▶ [WHAT THIS TASK INVOLVES]
Set down every line of the data exactly, skipping the pictures.

(Beginning of DATA BELOW)

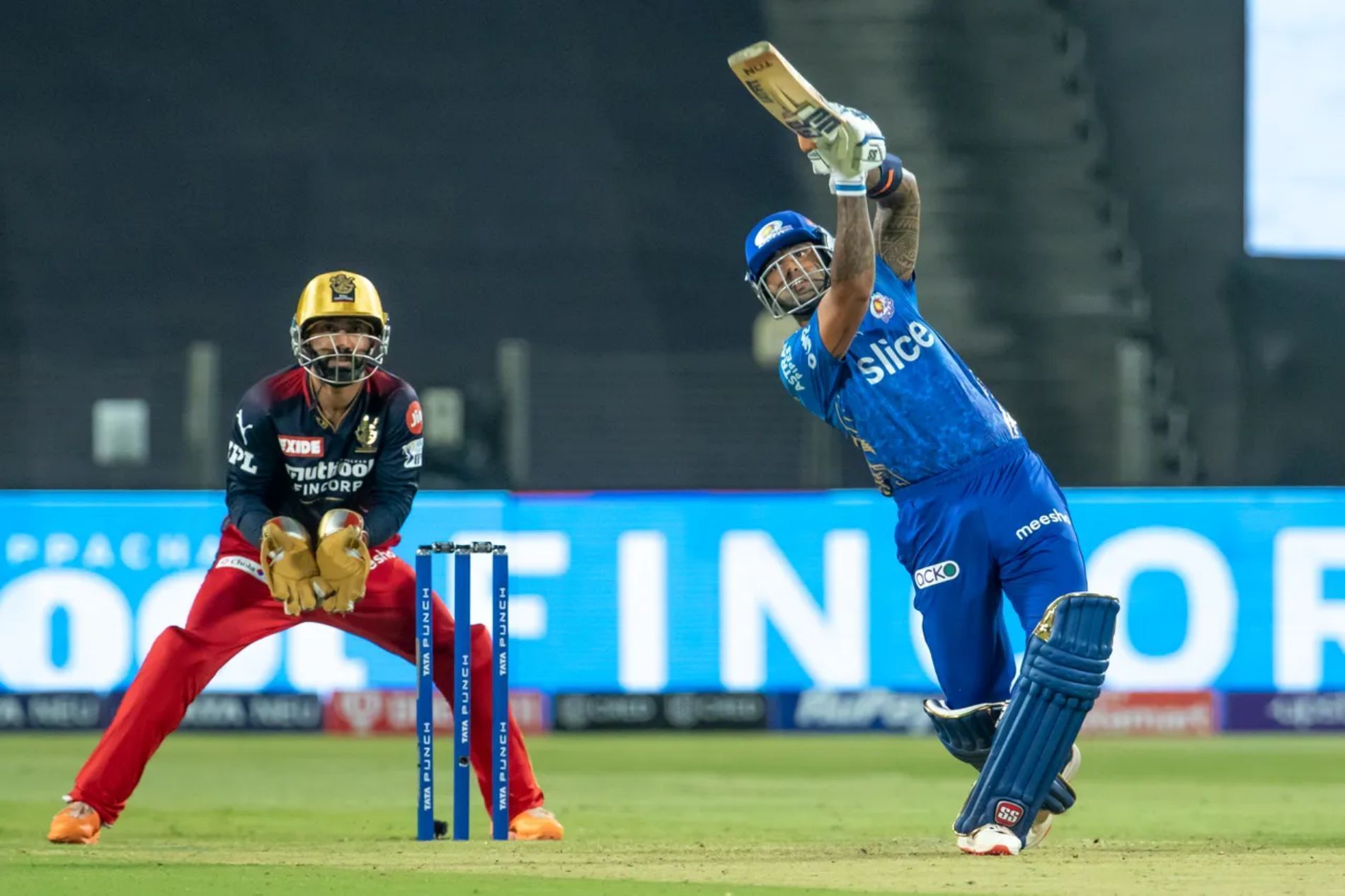 Suryakumar Yadav played a lone hand for MI against RCB Pic: IPLT20.COM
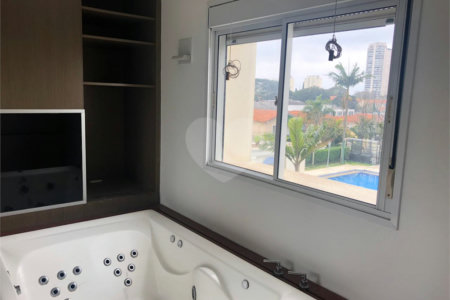 Apartamento à venda com 2 suítes em Vila Dom Pedro I, São Paulo, SP
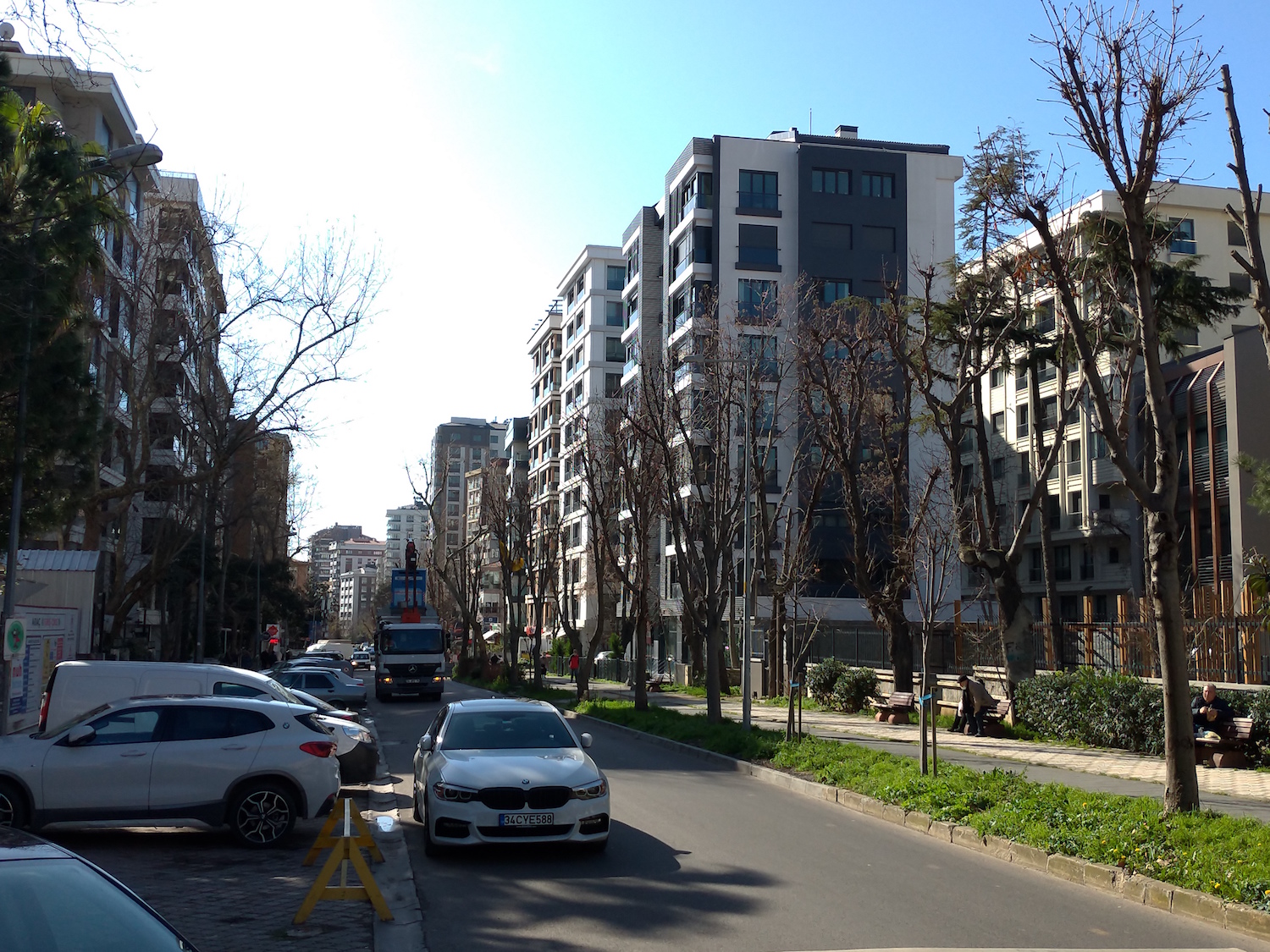 Avec le rapide développement économique des années 2000, les immeubles d’habitations de standing ont fleuri à travers Istanbul. © Globe Reporters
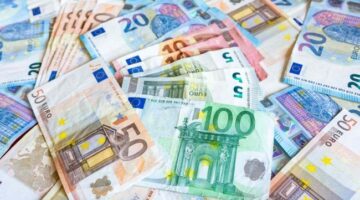 وصل لـ57.40.. ارتفاع سعر اليورو أمام الجنيه المصري اليوم الأربعاء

(End of DATA BELOW)

▶ [THE ANSWER]
 Suryakumar Yadav played a lone hand for MI against RCB Pic: IPLT20.COM
 Apartamento à venda com 2 suítes em Vila Dom Pedro I, São Paulo, SP
 Avec le rapide développement économique des années 2000, les immeubles d’habitations de standing ont fleuri à travers Istanbul. © Globe Reporters
 وصل لـ57.40.. ارتفاع سعر اليورو أمام الجنيه المصري اليوم الأربعاء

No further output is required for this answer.